## Work item
Taking the data below, please print only the lines from the line holding "Arrow Solid Manhattan" to the line holding "via junebugweddings.com intimate", inclusive, with pictures omitted.

## Source material

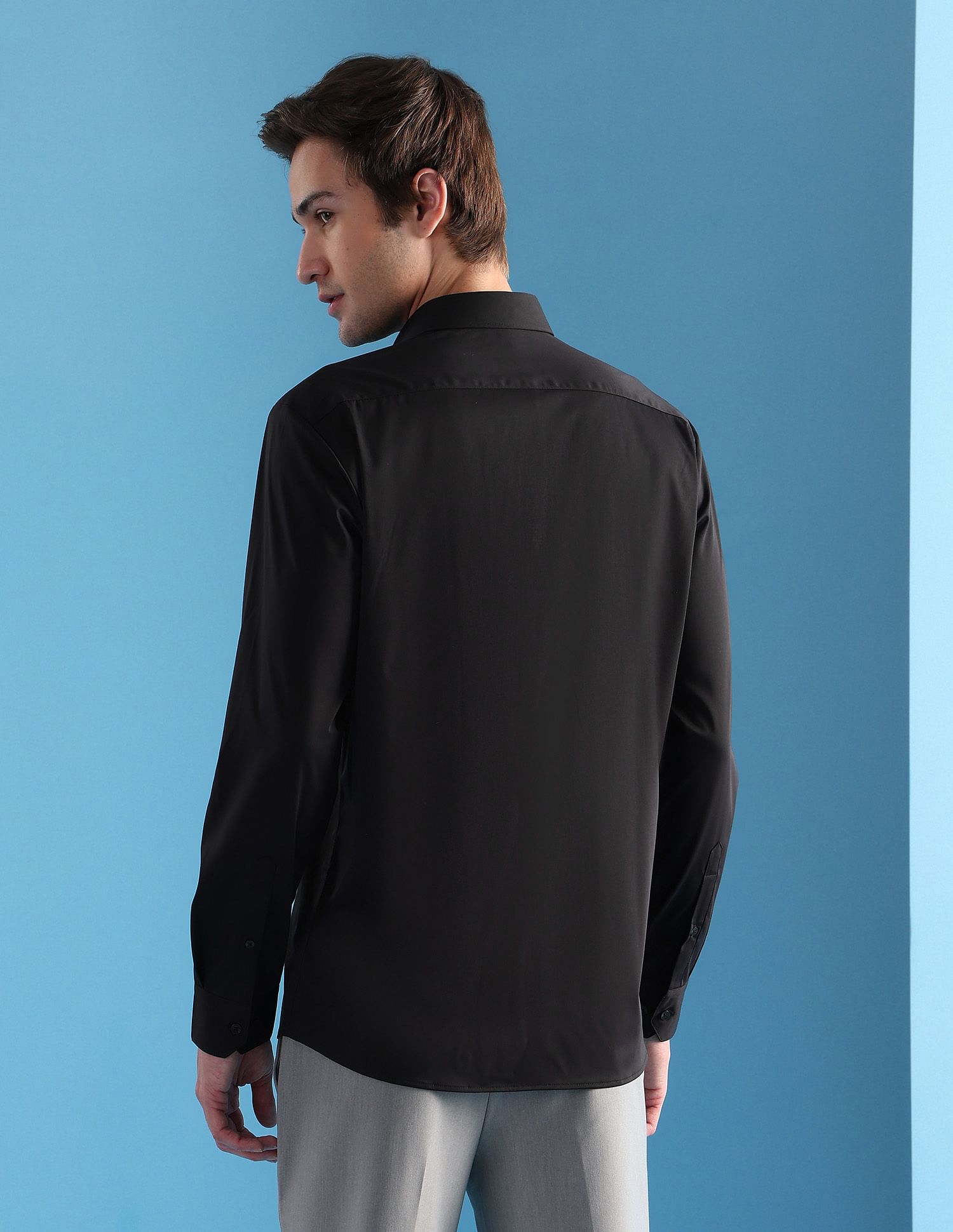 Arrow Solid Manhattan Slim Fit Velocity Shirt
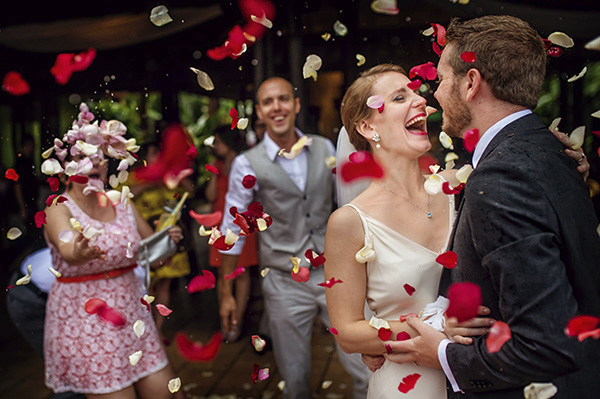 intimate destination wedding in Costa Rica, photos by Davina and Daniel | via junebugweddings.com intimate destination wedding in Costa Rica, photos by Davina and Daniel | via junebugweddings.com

* * *

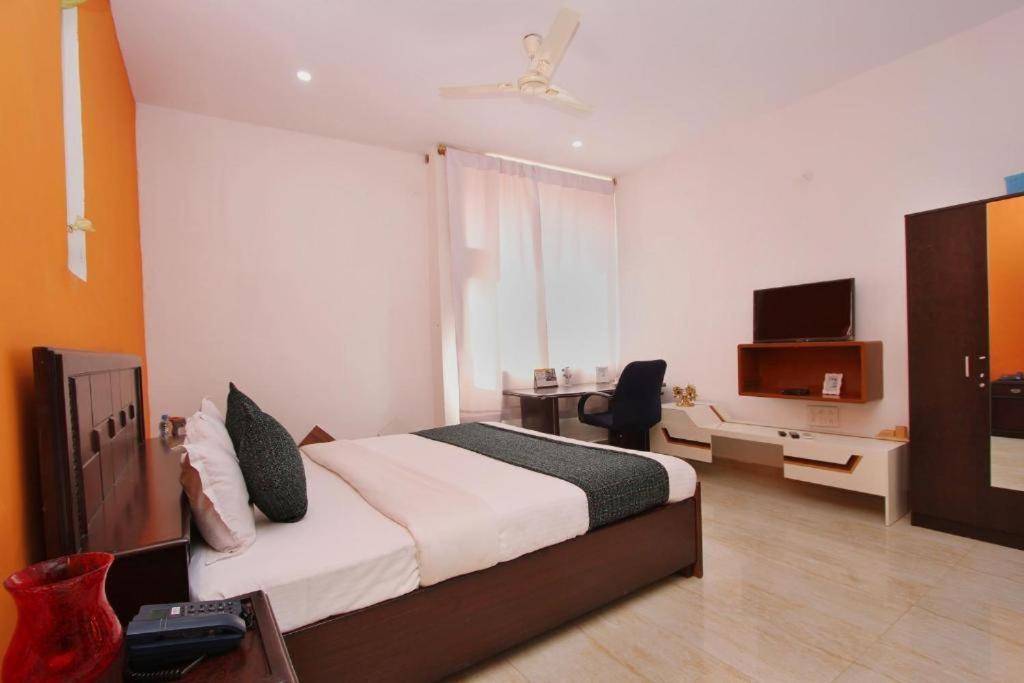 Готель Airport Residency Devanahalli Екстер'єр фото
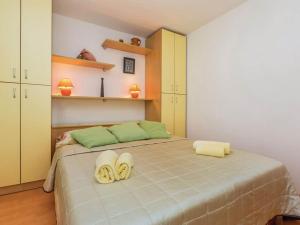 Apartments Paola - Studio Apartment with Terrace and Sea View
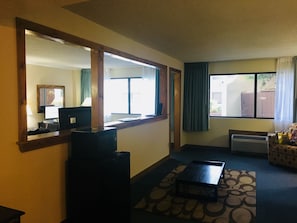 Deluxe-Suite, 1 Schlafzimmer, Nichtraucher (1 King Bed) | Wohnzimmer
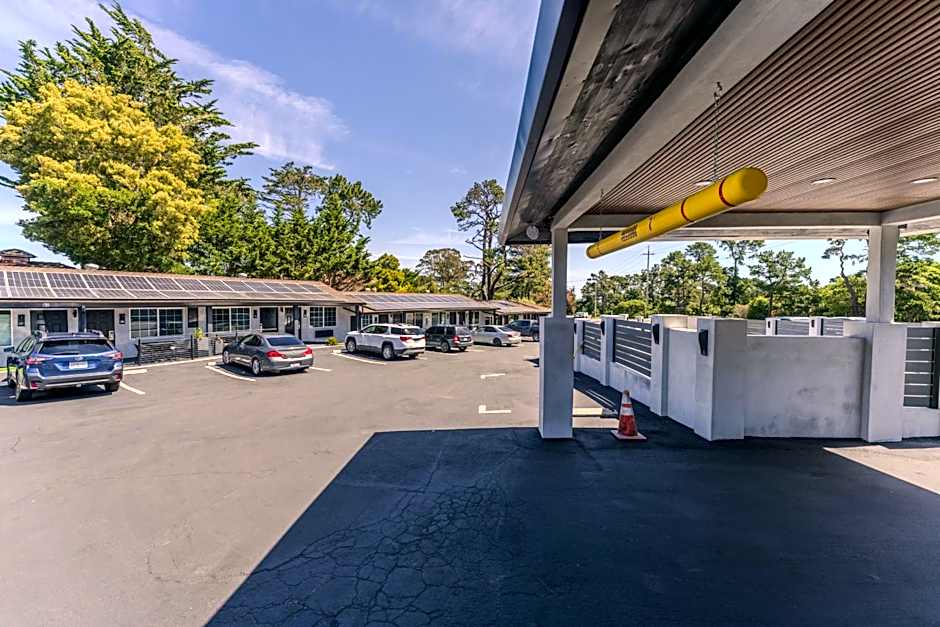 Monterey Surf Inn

## Output for this task
 Arrow Solid Manhattan Slim Fit Velocity Shirt
 intimate destination wedding in Costa Rica, photos by Davina and Daniel | via junebugweddings.com intimate destination wedding in Costa Rica, photos by Davina and Daniel | via junebugweddings.com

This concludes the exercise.